REQUIREMENT.
Transcribe nothing but the lines from the one with "CABAIA Sac à" to the end of the entries, both included, keeping each exact and leaving every picture out.

GIVEN DATA.

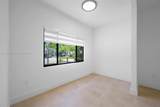 619 35th St - Photo 8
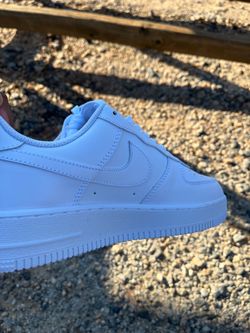 Air Force one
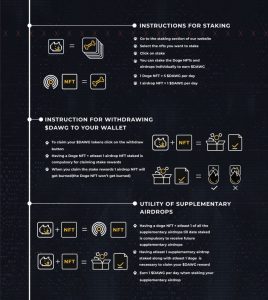 INFOGRAPHIC 16384821238GyxPKBFVa 916x1024 1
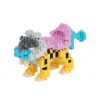 New Jeu de construction RAIKOU - 4MURS Enfant Jeux Éducatifs|Jeux Et Diy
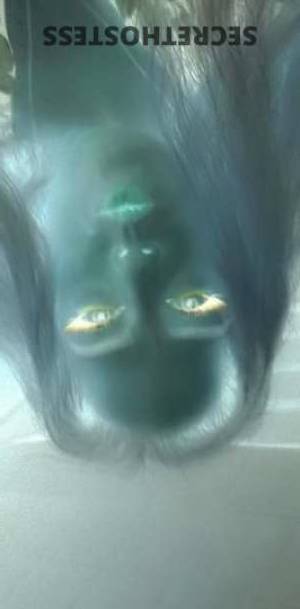 Jen 51Yrs Old Escort Dayton OH Image - 8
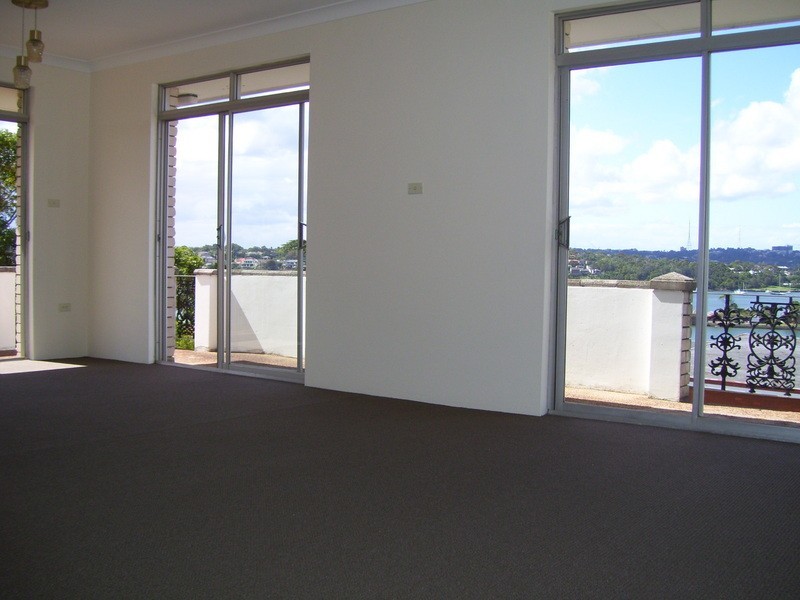 9/24-26 Alexandra Street, Drummoyne NSW 2047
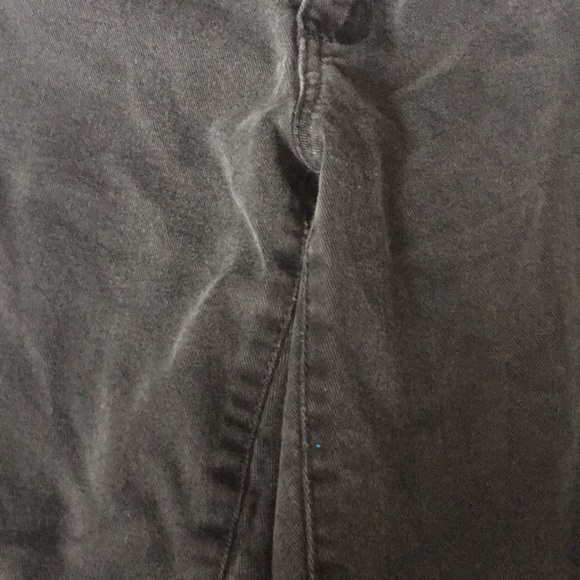 Black SO skinny jeans - Picture 4 of 4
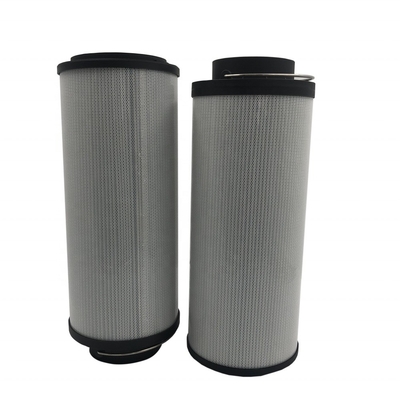 0160R010PHC 0160R020PHC Hydraulic Oil Filter Element with Glass Fiber Filter Material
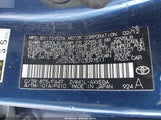 TOYOTA PRIUS V TWO JTDZN3EU1C3097511 снимка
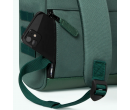 CABAIA Sac à dos Adventurer Medium Leon sur cosmo-lepuy.fr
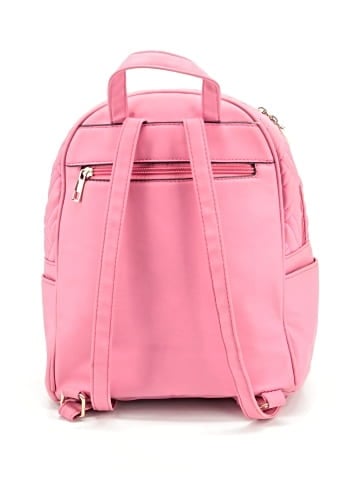 Unbranded Backpack (view 2)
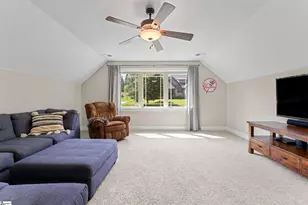 209 Crimson Glory Way, Travelers Rest, SC 29690 - Photo 33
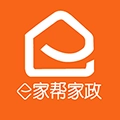 e家帮家政 V4.0.0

TASK OUTPUT.
 CABAIA Sac à dos Adventurer Medium Leon sur cosmo-lepuy.fr
 Unbranded Backpack (view 2)
 209 Crimson Glory Way, Travelers Rest, SC 29690 - Photo 33
 e家帮家政 V4.0.0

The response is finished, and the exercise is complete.